What you will do: Pictures are to be left out. Copy exactly, and only, the lines from the start of the entries below to the line with "How to check", both included.

Source data:
#####

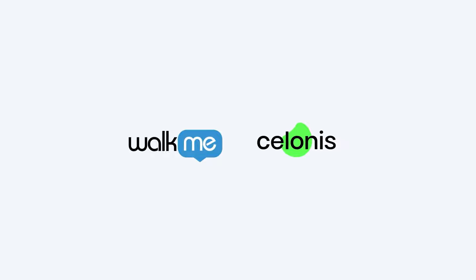Introducing Process Mining and In-App Workflows with Solanus and WalkMe. Now you can understand how business is being executed across systems,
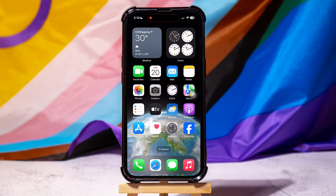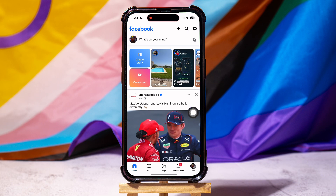How to check account quality on Facebook. First of all, open up the Facebook application on your phone. You will then be brought to the Facebook homepage where you can view pages and friends' posts.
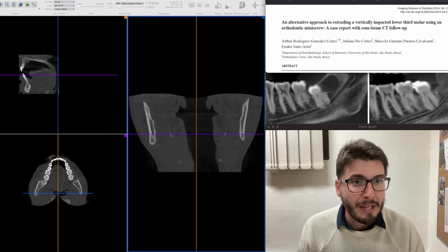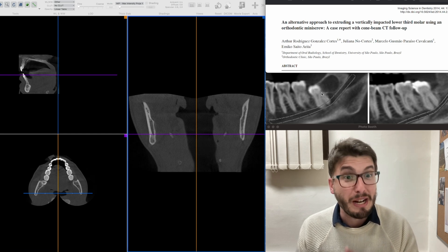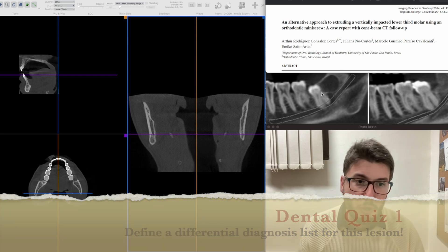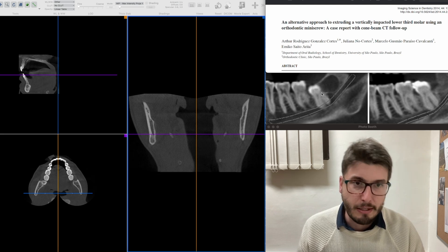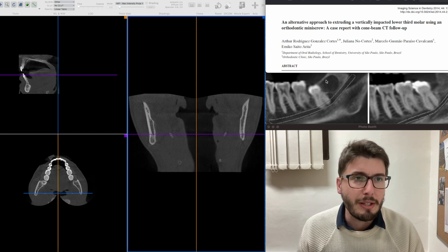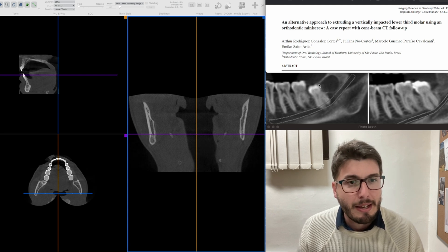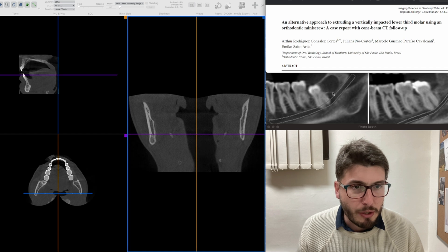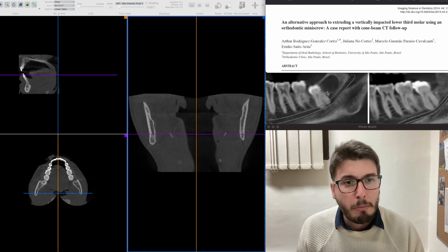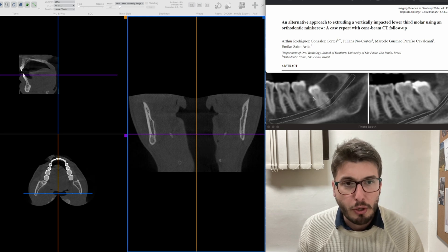Feel free to pause the video and try to diagnose this hypodense lesion yourself — at least the first option on your differential diagnosis list. This was confirmed by biopsy and histological analysis as a dentigerous cyst, in its lateral pattern. The lesion was causing slight expansion of the alveolar crest, and its inferior limit was very close to the mandibular canal, attached to the distal CEJ of the third molar.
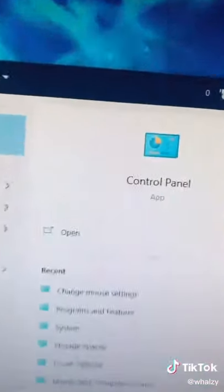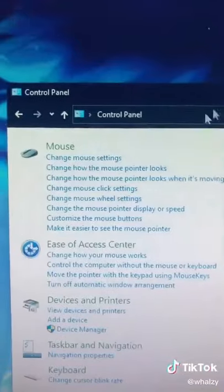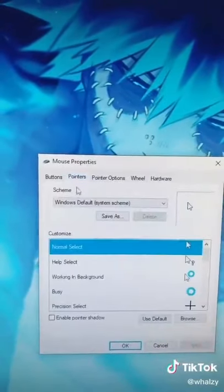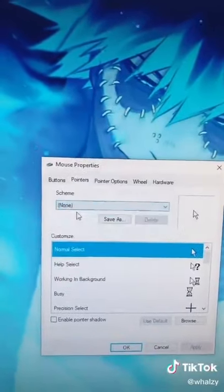Go ahead and open Windows and type in Control Panel. Once you're there, go to the top right and type in mouse. Click the first option and select Pointers, and make sure to set your scheme to none.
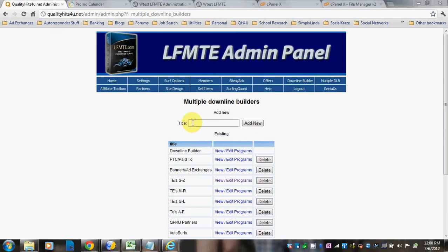Because every category that you make is going to add another button onto your member's homepage. For example, you can see that we had PTC page 2 — there will be a button on the member's homepage that says that, along with the original Downline Builder, and any other categories you choose to make will become more buttons.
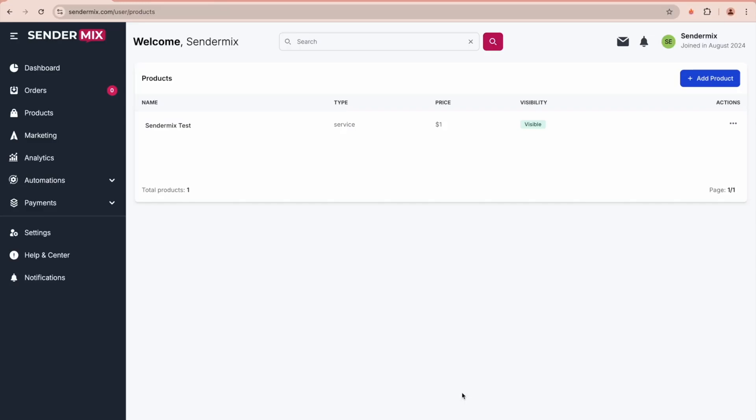Hello everyone, in this video I will explain how payment gateways work inside Sendermix. First, we'll start with a demo of the flow before diving into details.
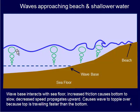So wherever you see breakers, that is a sign that you've got shallow water nearby. So if you're out in a boat and you see waves breaking, it's a sign that you should probably steer clear of that object because you might run aground. And that's not a good thing.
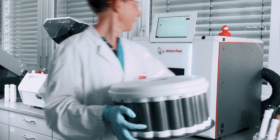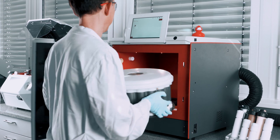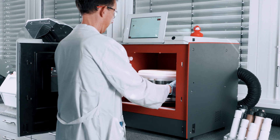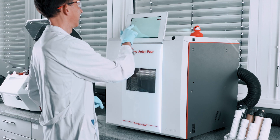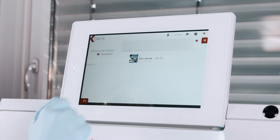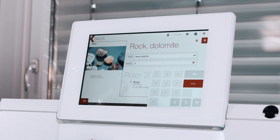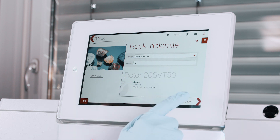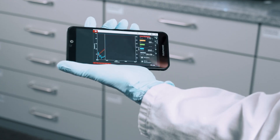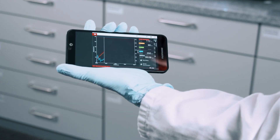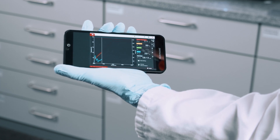Open the instrument, put in the rotor, and close the door. Now we choose a method from the library and press start. You can even operate the instrument from your phone. When the process is finished, you receive an alert on the phone or on your PC.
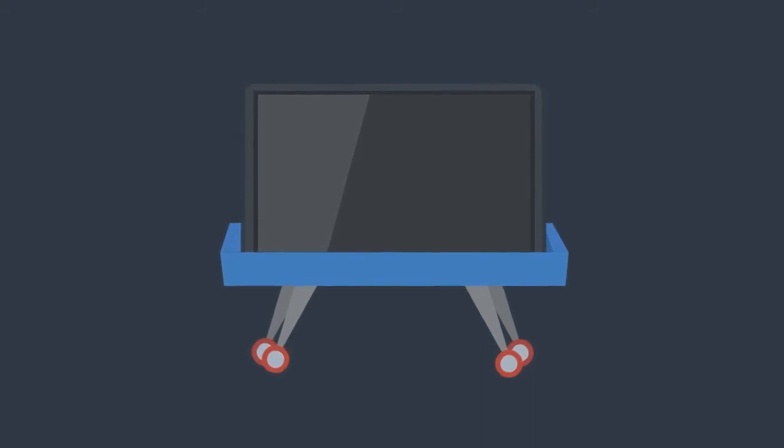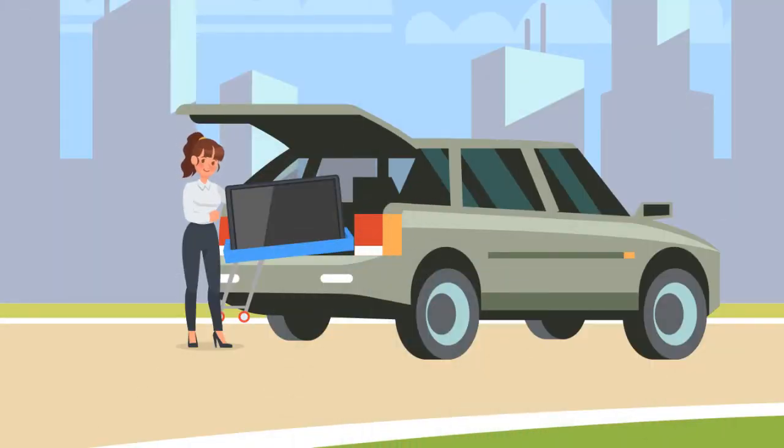The gurney legs allow the TV enclosure to be raised up, and the legs fold up to stow it in the back of an SUV, van, etc.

#####

Finished exercise:
Introducing Process Mining and In-App Workflows with Solanus and WalkMe. Now you can understand how business is being executed across systems,
How to check account quality on Facebook. First of all, open up the Facebook application on your phone. You will then be brought to the Facebook homepage where you can view pages and friends' posts.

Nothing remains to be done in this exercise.